The Economic Freedom Fighters (EFF) says the decision to raise the statutory reserve ratio by the Bank of Zambia (BOZ) is not the lasting solution to the adverse exchange rate and high inflation in the country.
The Central Bank announced on Monday that it had adjusted upwards the statutory reserve ratio by three percentage points, from 11.5 percent to 14.5 percent.
EFF Secretary General, Changala Siame, said to Zambia Monitor on Tuesday in Lusaka that government needed to increase productivity in all sectors and consider reversing the mining tax holiday in order to improve on the country’s forex reserves.

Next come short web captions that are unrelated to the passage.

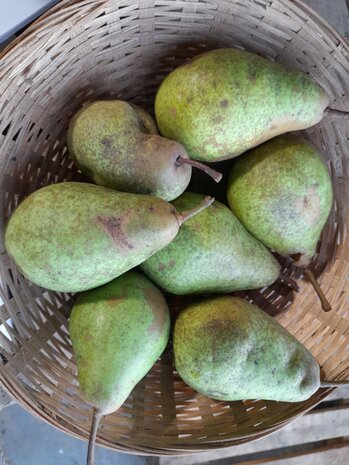 Peren, stoof-, hoogstam-, per kg, Hekkert Hoogstamfruit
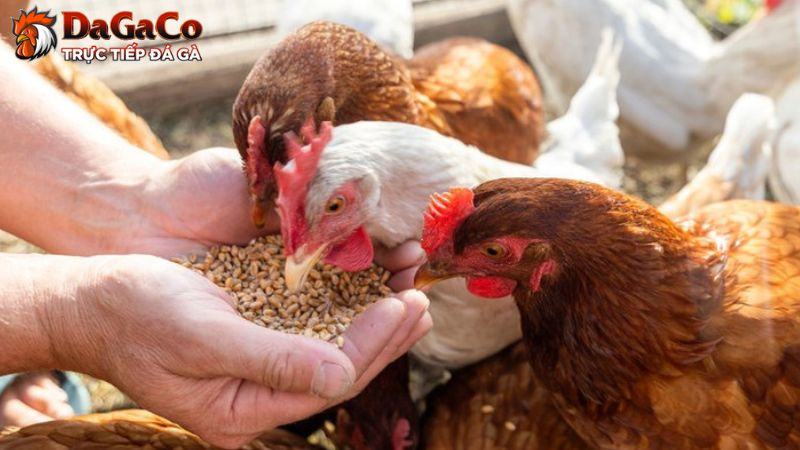 Vai trò dinh dưỡng đối với gà đá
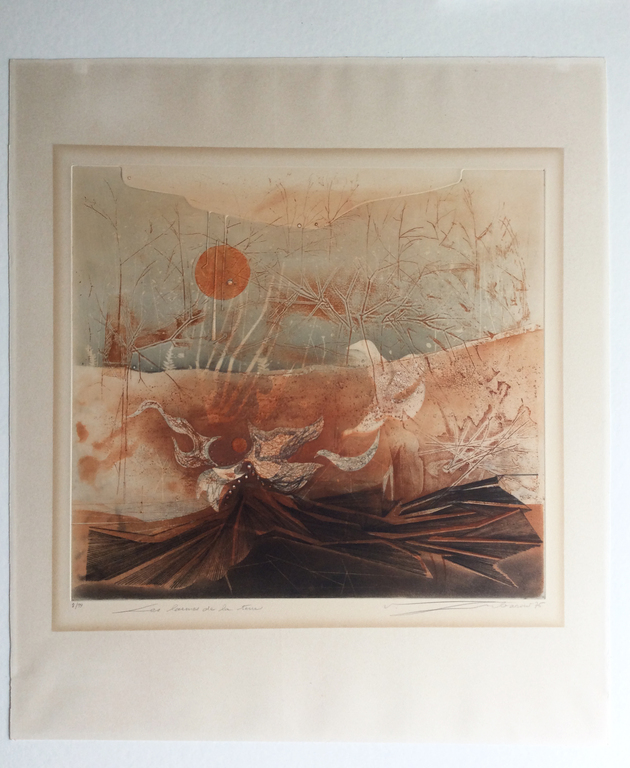 Renée Lubarow: kleurenets met reliefdruk, Les Larmes de la terre, ZZETS kopen? Bied vanaf 69!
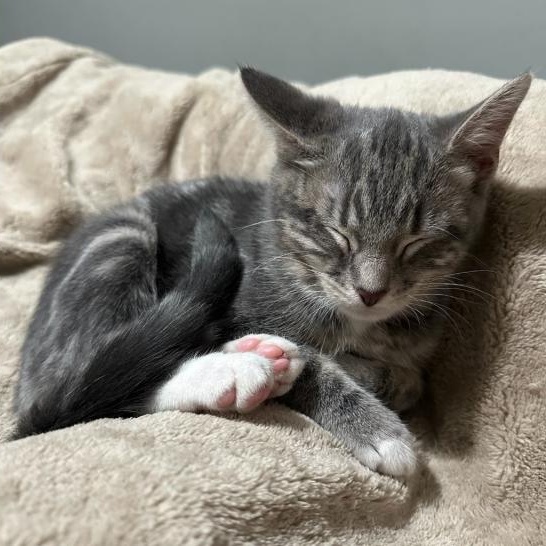 Orange aka Goliath, Adoptable, Young Male Domestic Short Hair.
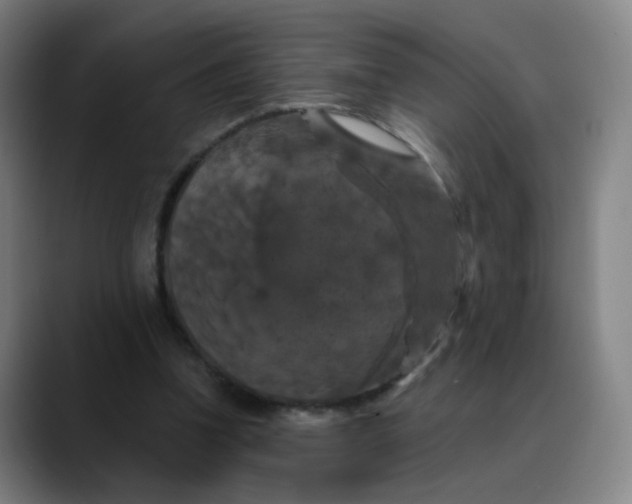 X0000088690346200706141416
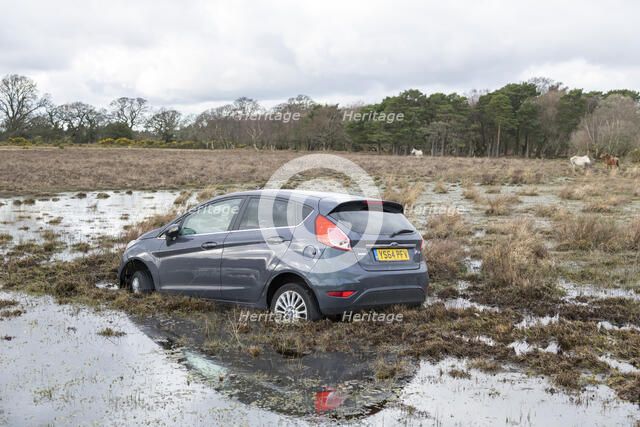 Ford Fiesta accident in New Forest, 2020. Creator: Tim Woodcock.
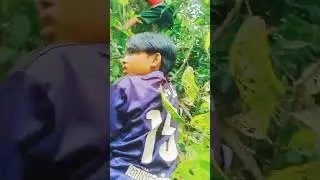 ក្មេងព្រៃដើររុកព្រៃ🥰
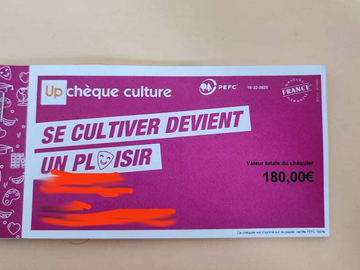 Vente: Chèques Culture Up (180€)
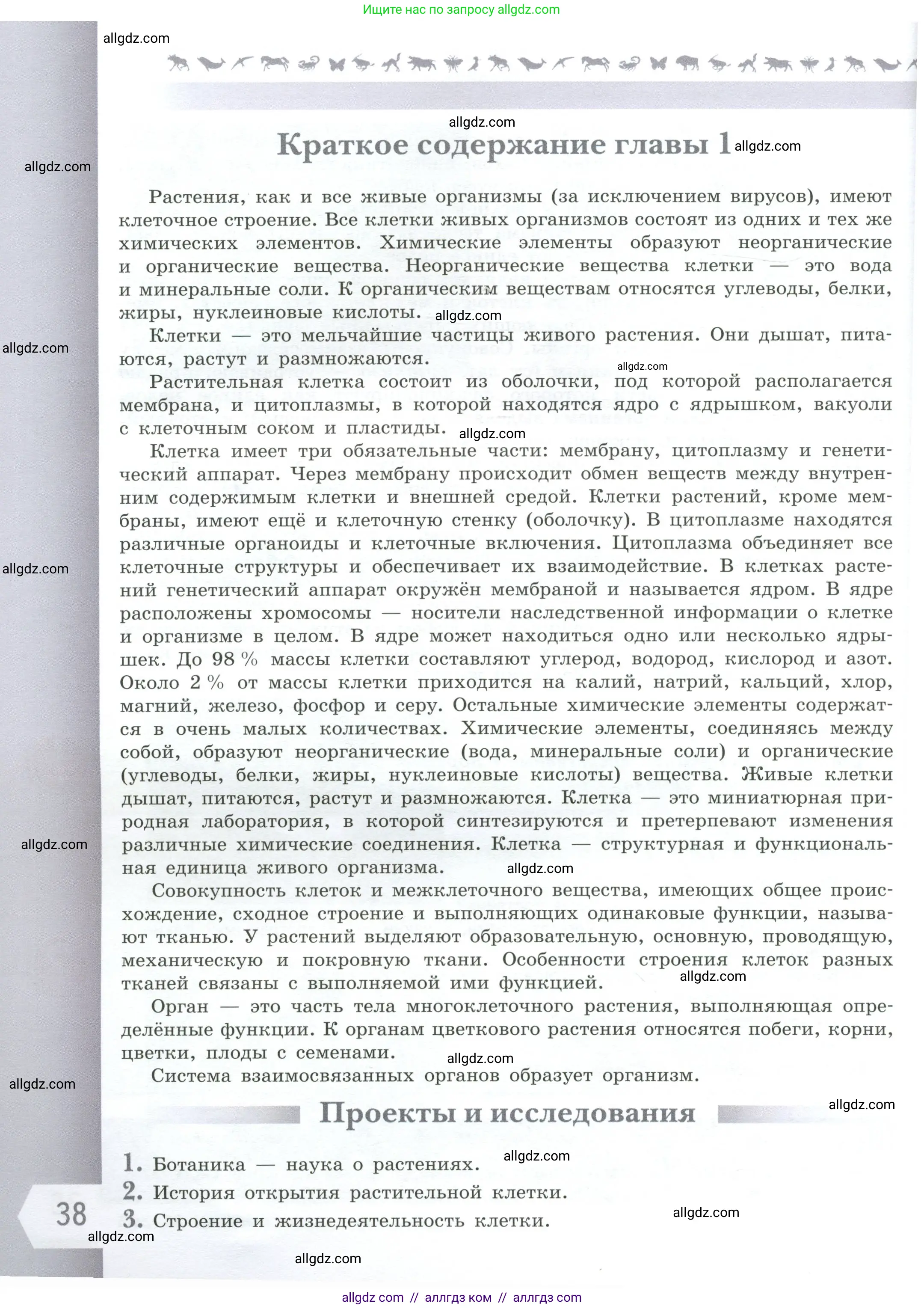 Биология, 6 класс Учебник, авторы: Пасечник Владимир Васильевич, Суматохин Сергей Витальевич, Гапонюк Зоя Георгиевна, Швецов Глеб Геннадьевич, издательство Просвещение, Москва, 2023, белого цвета, страница 38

Siame said the party was deeply concerned about the current adverse macroeconomic trends, particularly the exchange rate and inflation rate.
He said the local currency had significantly depreciated, reportedly making it one of the worst-performing currencies in the world, currently trading at US$1 to K22.5.
“To address this issue, the Bank of Zambia has made adjustments to the Kwacha and Foreign Currency Statutory Reserve Ratio in an effort to control the free-falling Kwacha,” Siame noted.
He noted that this included increasing the statutory reserve ratio on both local and foreign currency deposits, as well as government and vostro account deposits.
Siame recalled that in February 2023, a similar increase in the statutory reserve ratio of 2.5 percentage points to 11.5 percent was implemented.
“Despite these measures, the exchange rate has continued to depreciate, signaling the failure of the UPND government’s attempts to stabilize the foreign exchange market,” he said.
Siame said in addition to the depreciation of the Kwacha, the inflation rate had surged from single digits to 12.5 percent.
He noted that the government had been grappling with this situation, constantly reversing the statutory reserve rate and monetary policy in hopes of finding a solution.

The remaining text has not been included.